Rachele: What I said in the session. Maybe a little louder! Teams not having someone work with them directly as a Product Owner might be the biggest struggle I see when I coach teams. They end up guessing at priorities and at work, they don’t get the business-focused feedback they need, and they veer off direction. Product Managers working with a program often don’t have the bandwidth to properly work with a team as a Product Owner as well.
So it's safe to assume Stakeholder-Product Owner-Scrum Master-Scrum team vs Stakeholder-Project Manager?
Joel: Agile promotes greater transparency and openness. This means we connect stakeholders directly with the Scrum Teams in order to ensure that the needs of the Stakeholders are met. Product Owners work hand in hand with Stakeholders to define the Product Goal, the roadmap and refine work in the Product Backlog. The Developers have access to the Stakeholders both in defining the work they are asked to do and to give direct feedback on the work completed. Scrum Masters have access to Stakeholders to be able to make impediments visible and to help them to get more value from Scrum.

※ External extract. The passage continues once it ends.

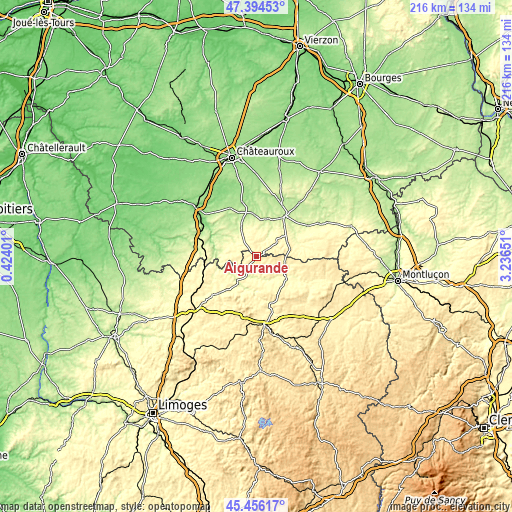 Topographic map of Aigurande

Rachele: Stakeholders will work closely with Product Owners (and Product Managers at scale), yes, but it’s a great idea for them to take advantage of other opportunities to be involved. Sprint Reviews give stakeholders the chance to see working products on a regular basis. They can ask questions, provide feedback, get ideas, and interact with the whole Scrum Team. At scale, System Demos provide an opportunity to see integrated completed work.
Neither Scrum not SAFe have a project manager role. Instead, there’s a Product Owner to be champion the product’s success and a Scrum Master to champion the team.
Are SAFe Scrum Teams different than Scrum Teams that are not leveraging the SAFe Framework?
Joel:The foundational principles are the same whether the Scrum Team is a single team or part of a Scaled Agile Release Train (ART). The primary difference is that Scrum Teams in an ART have an additional layer of planning and coordination that allows them to work with other teams toward a common value and quality goal.
One thing to remember with Scaling efforts is to remember the team. I’ve seen scaling run into challenges because the teams were not well supported and did not have good Scrum (or Kanban) practices. The best strategy and plans are challenged with the teams can not make and meet commitments.
Rachele: I often call the teams the heart and soul of Agile, regardless of framework. If you don’t have someone to do the work, it’s just a lot of people talking about work. Joel is absolutely right: support the teams if you want success. “Give them the environment and support they need,” Agile principles tell us, “and trust them to get the job done.”
Similarities: Agile values! Scrum Teams working in SAFe organizations are still Scrum Teams. Their day-to-day approaches and work will be very similar, especially at the sprint level.
Differences: ART/Program-level events. Scrum Teams – and everyone else in the release train – participate in PI Planning at the start of a Program Increment, and in the Inspect & Adapt event at the end of a PI. Scrum Masters attend a Scrum of Scrums, and Product Owners attend a PO Sync – or both attend an ART Sync to keep the communication flowing. Team members should surface any cross-team dependencies or communication needs.
There are some differences in terminology, but that’s cosmetic. “Sprint” or “Iteration,” they’re still Scrum Teams.